* _Action item_:
Your answer should be only the lines below from the one with "Padrão Ikat Aztec - Vermelho, Preto e Branco" to the one with "Seamless pattern with garden", repeated exactly, ends included.

* _Exercise data_:
****

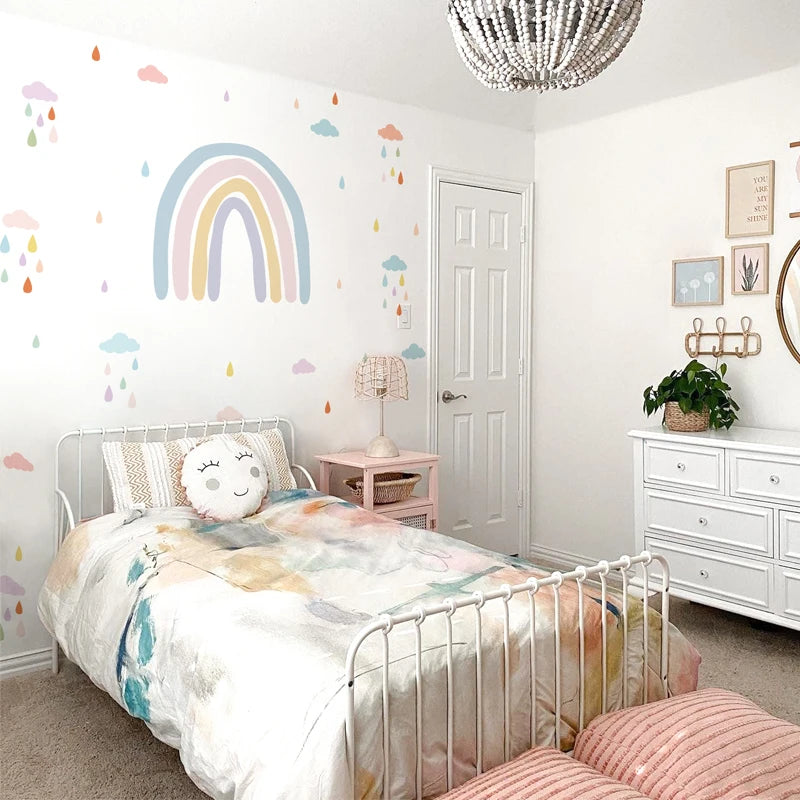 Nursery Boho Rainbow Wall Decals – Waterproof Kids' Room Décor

****

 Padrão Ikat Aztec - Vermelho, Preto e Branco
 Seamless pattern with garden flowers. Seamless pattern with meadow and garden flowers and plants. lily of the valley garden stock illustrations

****

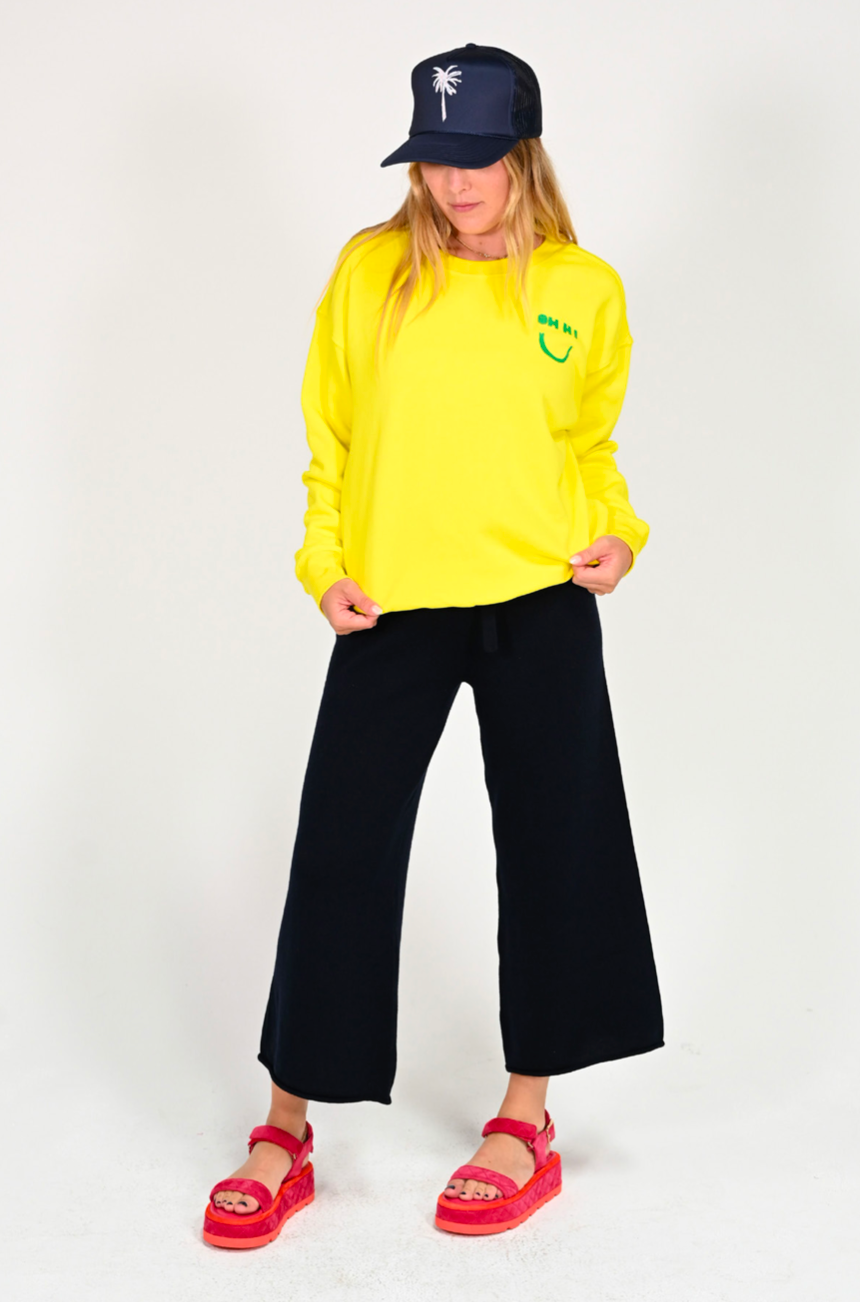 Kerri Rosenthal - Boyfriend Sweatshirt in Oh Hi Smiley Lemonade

****

* _Reply to the exercise_:
 Padrão Ikat Aztec - Vermelho, Preto e Branco
 Seamless pattern with garden flowers. Seamless pattern with meadow and garden flowers and plants. lily of the valley garden stock illustrations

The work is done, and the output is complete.